Murat Karayılan, son röportajında PKK’nin askeri açıdan soruna yaklaşmadığını açıkça ortaya koymuştur. Kuvvetli argüman ve kanıtlarla PKK’nin Başkan Öcalan tarafından yapılan çağrıya “yenildiği” için değil, Önderliğe sadakat ve onun on yıldır barış ve demokrasi için formüle ettiği çizgiye inandığı için onay verildiğini söylemiştir. Eğer “barış ve demokratik toplum süreci” “ne yenen, ne de yenilenin” olduğu taraflar arasında bir sonuca bağlanamazsa, PKK’nin “savaşa da hazır olduğunu” ilan etmiştir. Karayılan savaşta “pat” durumunun yaşandığı, savaşın hem Türk halkına, hem de Kürt halkına zarar verdiği saptamasından hareketle barış iradesini dile getirmiştir. Bu arada şaşırtıcı bir açıklamada yapmıştır. Bu açıklamadan savaş uçaklarının, SİHA’ların, obüslerin saldırılarından gerillanın hiç bir ciddi kayıp vermediğini, daha ilginci gerillanın elinde 800 kilometre menzilli silahların olduğunu da öğrenmiş bulunuyoruz. Karayılan bu savaş kapasitesine rağmen, partinin “Kurucu Önderi” Apo’nun başkanlığında toplanacak olan Kongresi’nde “Barış ve Demokratik Toplum” çağrısının tüm gereklerini karar altına alacağını açıklamıştır.

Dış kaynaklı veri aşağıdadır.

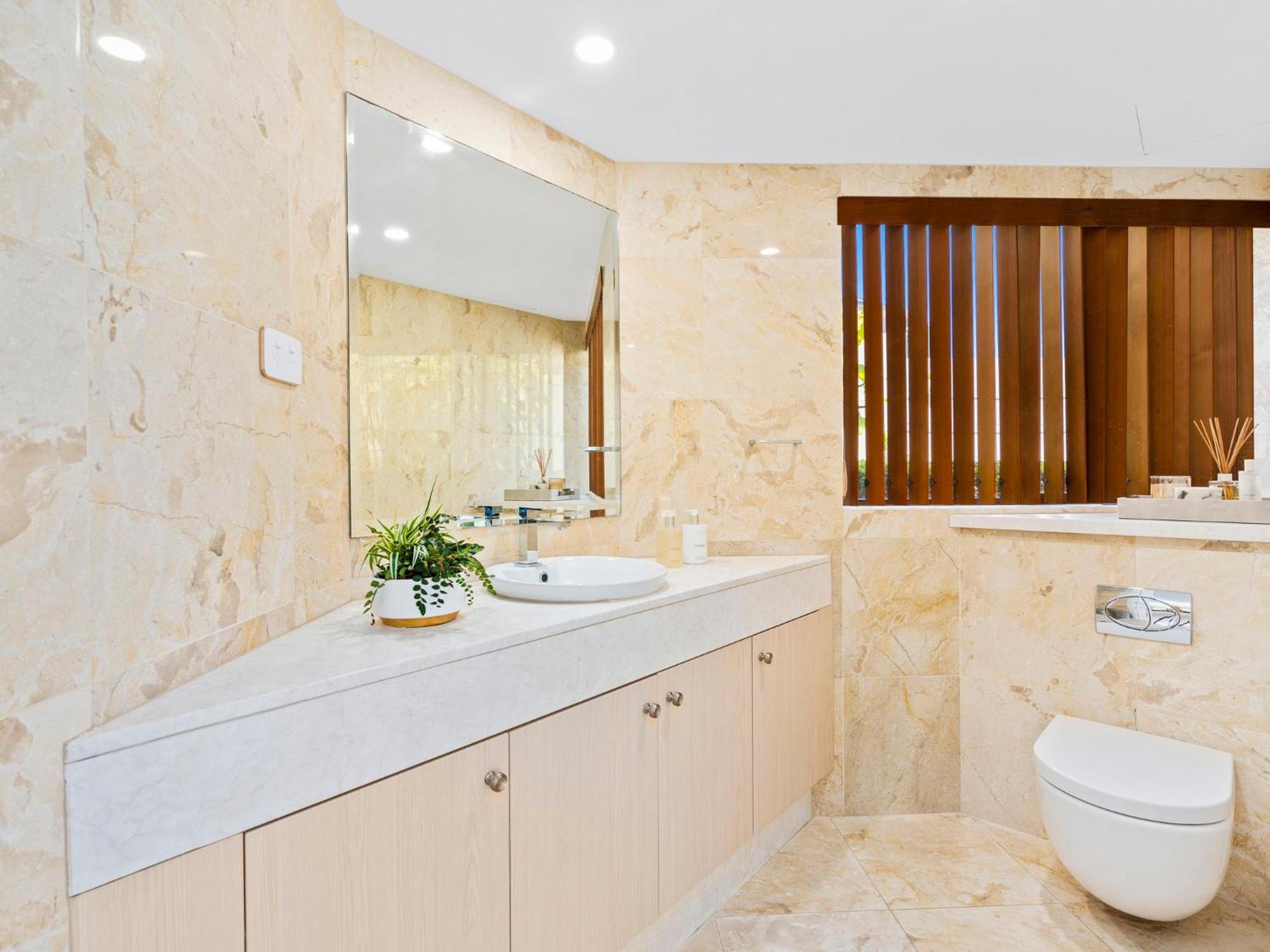 Main River Grandeur Mansion, 5bed, Pool & Sauna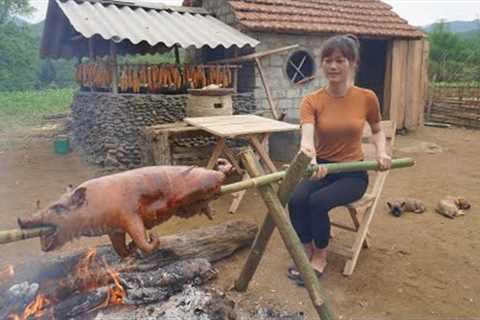 Roast Whole BIG SPICY PIG 30KG with 4 Bamboo - BBQ Spicy Foods - Farm Life, Free Bushcraft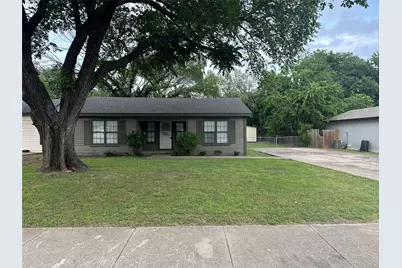 129 Del Rio Avenue, Benbrook, TX 76126 - Photo 1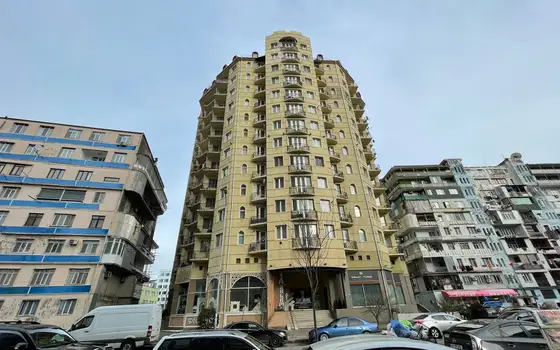 Новый 13 этажный жилой дом у ресторана Сан Ремо. Квартиры у моря.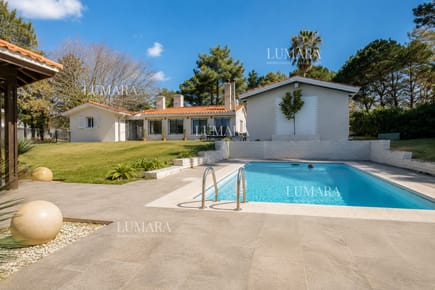 Espectacular Casa Moderna de 5 Dormitorios con Piscina Climatizada en Alquiler de Temporada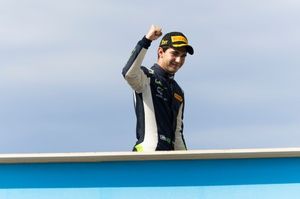 Em alta, Gabriel Gomez acelera em Imola pela F4 Italiana com o título em mente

Bu da gösteriyor ki, iktidarın konuya “askeri” açıdan yaklaşmasının hiç bir temeli yoktur ve PKK konuya Başkan Apo’nun çağrısı temelinde “politik” bir yaklaşım içindedir. PKK yarım asırlık savaş sonucunda, Kürt sorununun siyasi zeminde çözülmesinin bütün şartlarını yaratmıştır ve bu anlamda “ömrünü tamamlamıştır.” Diğer ideolojik sebebleri bir yana bırakırsak, ömrünü tamamlaması PKK’nin askeri açıdan yenildiğini değil, hem ordunun hem de gerillanın, artık askeri yoldan yapabilecekleri her şeyi yaptığını, politik çözüm sağlanmadığı durumda her iki gücün bir kırk yıl daha savaşmak zorunda kalacağını, bunun ise yalnız Türkiye halklarına değil, Ortadoğu’daki tüm halklara zarar vereceğini görmek anlamına gelmektedir.
Dar anlamıyla “ömrünü tamamlayan” bir örgüt, başkasının onu yoketmesine gerek kalmadan çöker. Reel sosyalizm böyle çökmüştür. PKK ise üstüne düşen tarihi misyonu başarıyla tamamlamış, “Barış ve Demokratik Toplum” sürecinin politik, hukuki ve yasal temelde gerçekleşmesinin şartlarını yaratmıştır.
Şimdi iktidarın konuya askeri açıdan yaklaşması dışında, Türkiye’nin ve Ortadoğu’nun Başkan Öcalan önderliğinde barışa, demokrasiye ve refaha kavuşmasının önünde hiç bir engel bulunmamaktadır.